*Work item*: Range to repeat from the listing below: the line containing "maraschino cherries on" down to the line containing "Mão por trás", both included. Copy it exactly, pictures excluded, and add nothing else.

═════ Dataset content ═════

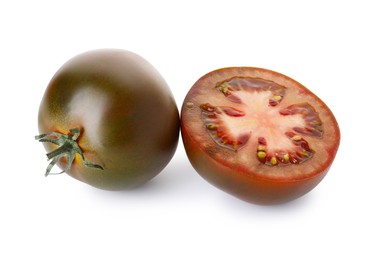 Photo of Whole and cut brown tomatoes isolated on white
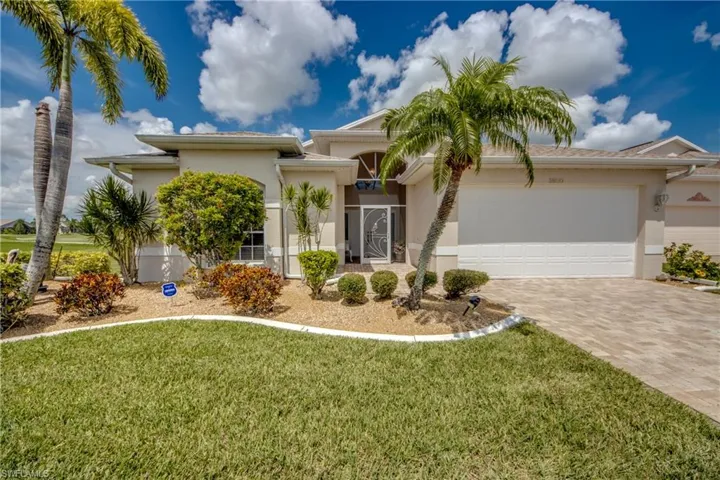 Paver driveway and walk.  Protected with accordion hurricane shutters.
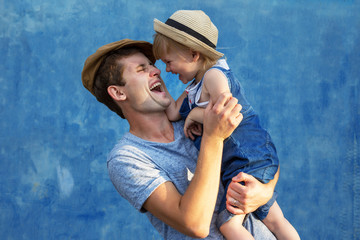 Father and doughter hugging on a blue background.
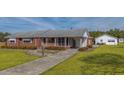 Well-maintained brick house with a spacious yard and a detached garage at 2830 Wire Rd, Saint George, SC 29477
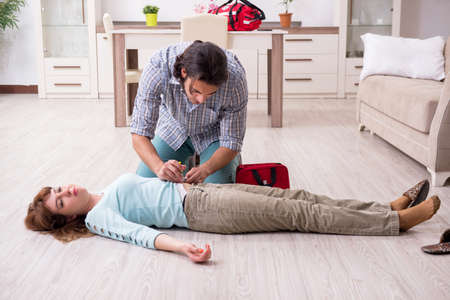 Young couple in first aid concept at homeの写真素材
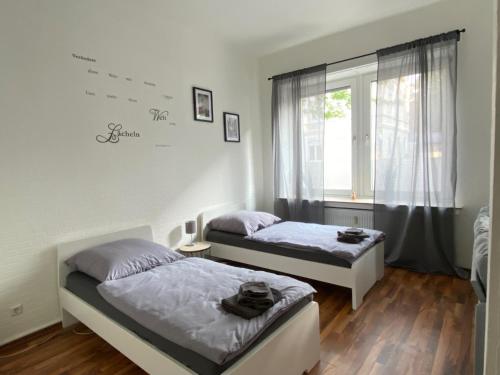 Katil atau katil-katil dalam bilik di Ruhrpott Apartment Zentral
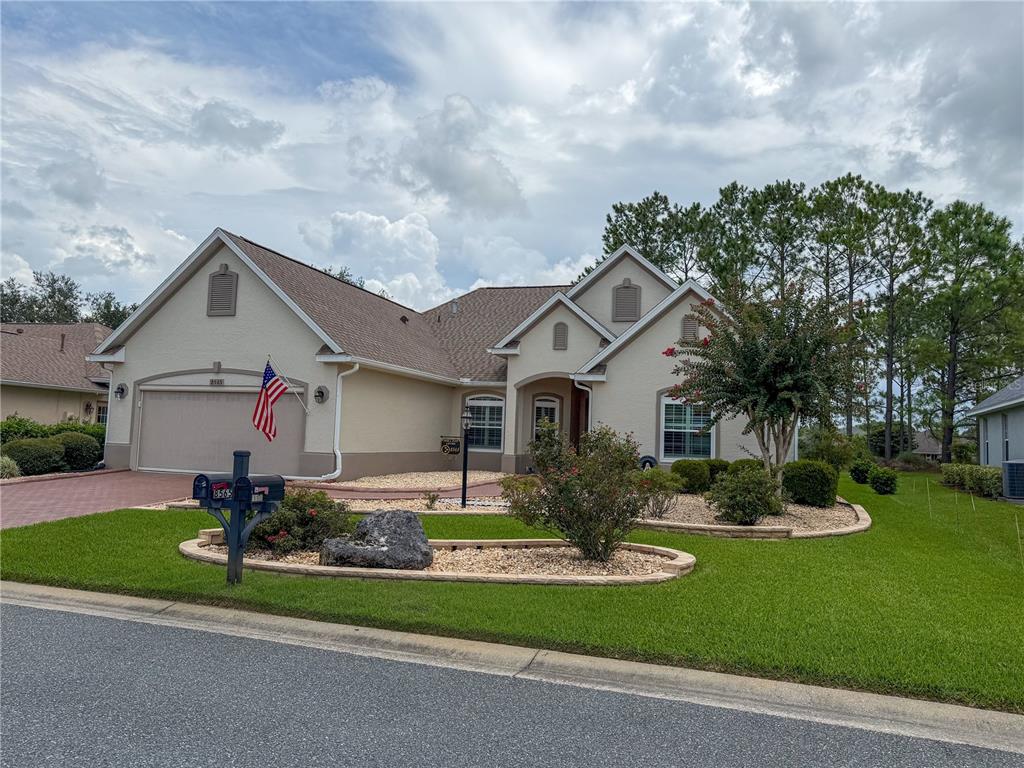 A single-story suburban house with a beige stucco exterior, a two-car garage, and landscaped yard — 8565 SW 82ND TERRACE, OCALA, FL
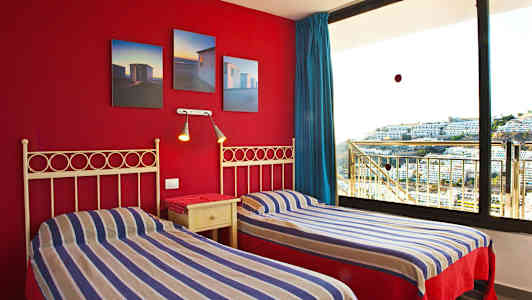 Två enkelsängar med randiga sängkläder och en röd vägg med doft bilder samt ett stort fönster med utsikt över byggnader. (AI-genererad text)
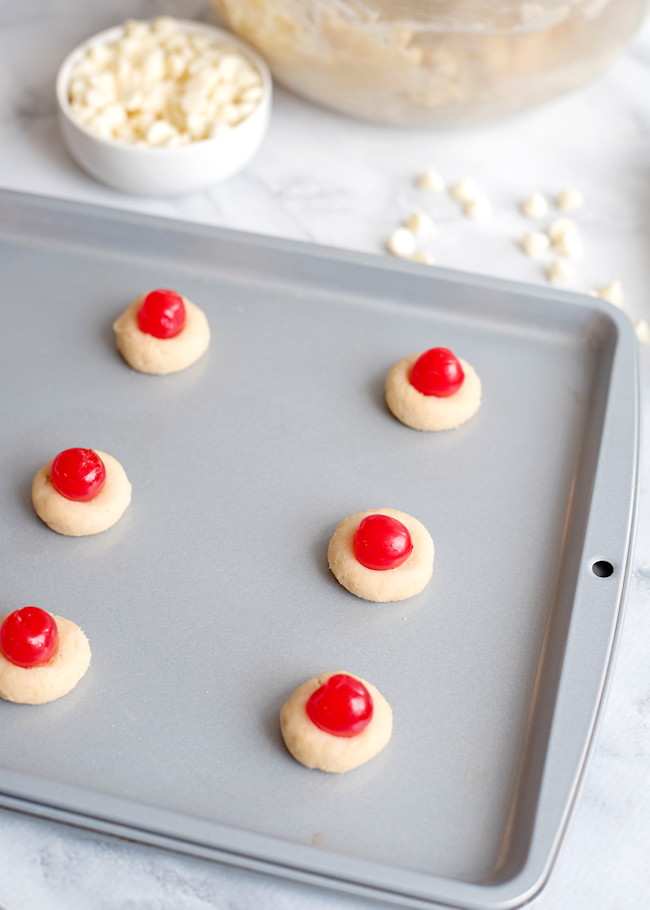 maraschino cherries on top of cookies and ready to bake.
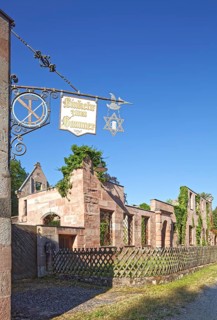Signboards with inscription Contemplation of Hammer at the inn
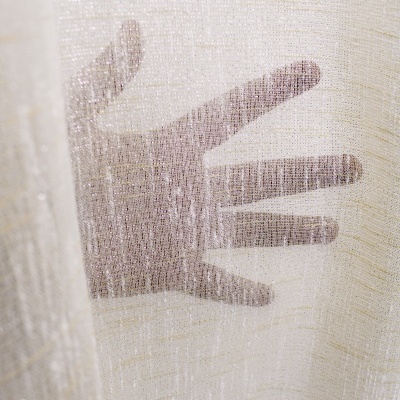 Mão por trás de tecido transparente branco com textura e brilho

═════
═════ Dataset content ═════

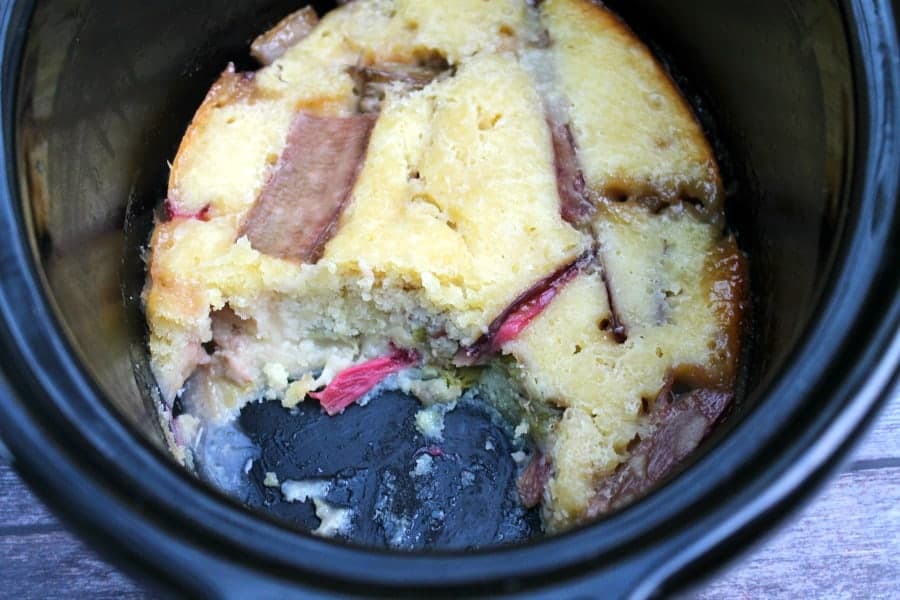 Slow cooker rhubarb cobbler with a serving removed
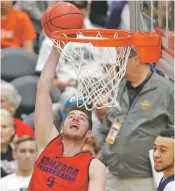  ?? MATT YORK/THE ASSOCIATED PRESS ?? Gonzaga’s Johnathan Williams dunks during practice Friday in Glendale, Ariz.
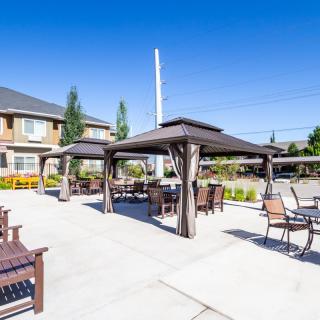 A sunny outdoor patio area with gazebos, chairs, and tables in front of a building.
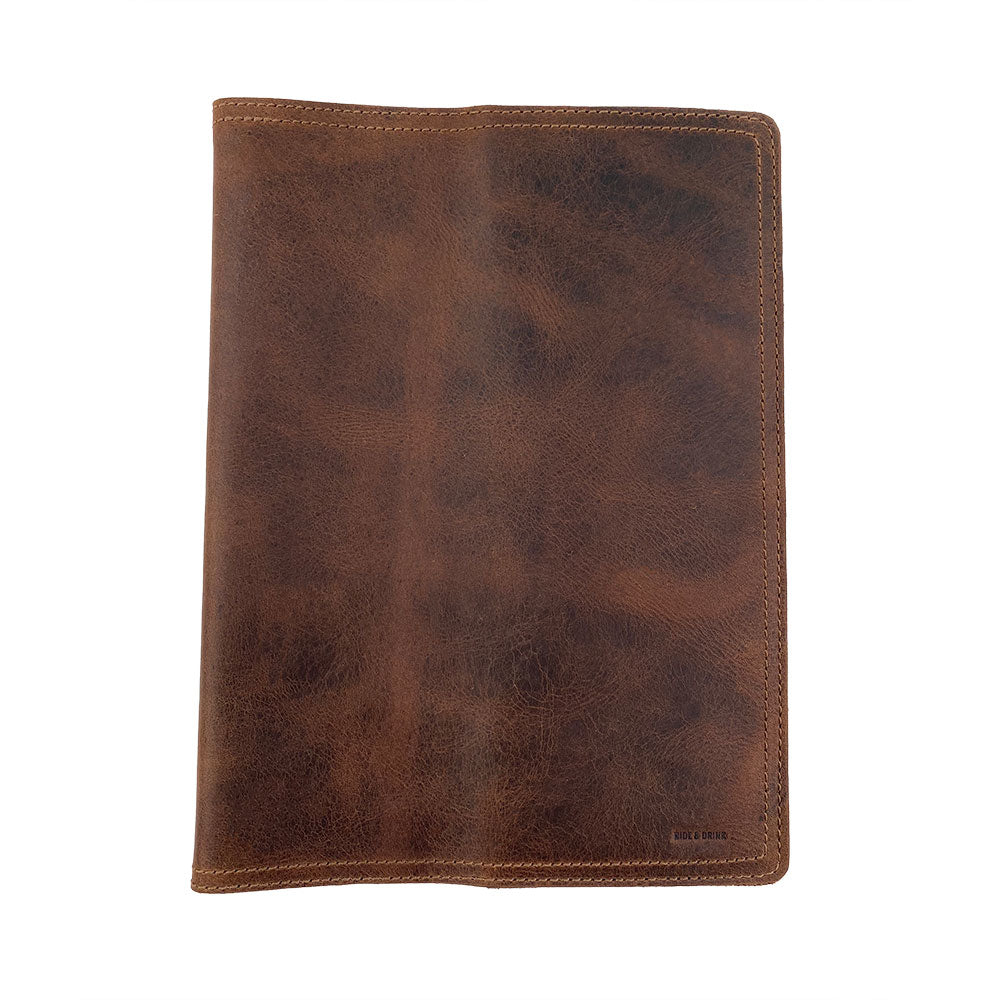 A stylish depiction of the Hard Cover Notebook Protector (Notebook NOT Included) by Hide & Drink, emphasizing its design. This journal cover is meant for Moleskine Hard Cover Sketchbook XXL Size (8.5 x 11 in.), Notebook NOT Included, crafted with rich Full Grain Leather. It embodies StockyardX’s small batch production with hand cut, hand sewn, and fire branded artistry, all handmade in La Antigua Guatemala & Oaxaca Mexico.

═════

*Solution*:
 maraschino cherries on top of cookies and ready to bake.
Signboards with inscription Contemplation of Hammer at the inn
 Mão por trás de tecido transparente branco com textura e brilho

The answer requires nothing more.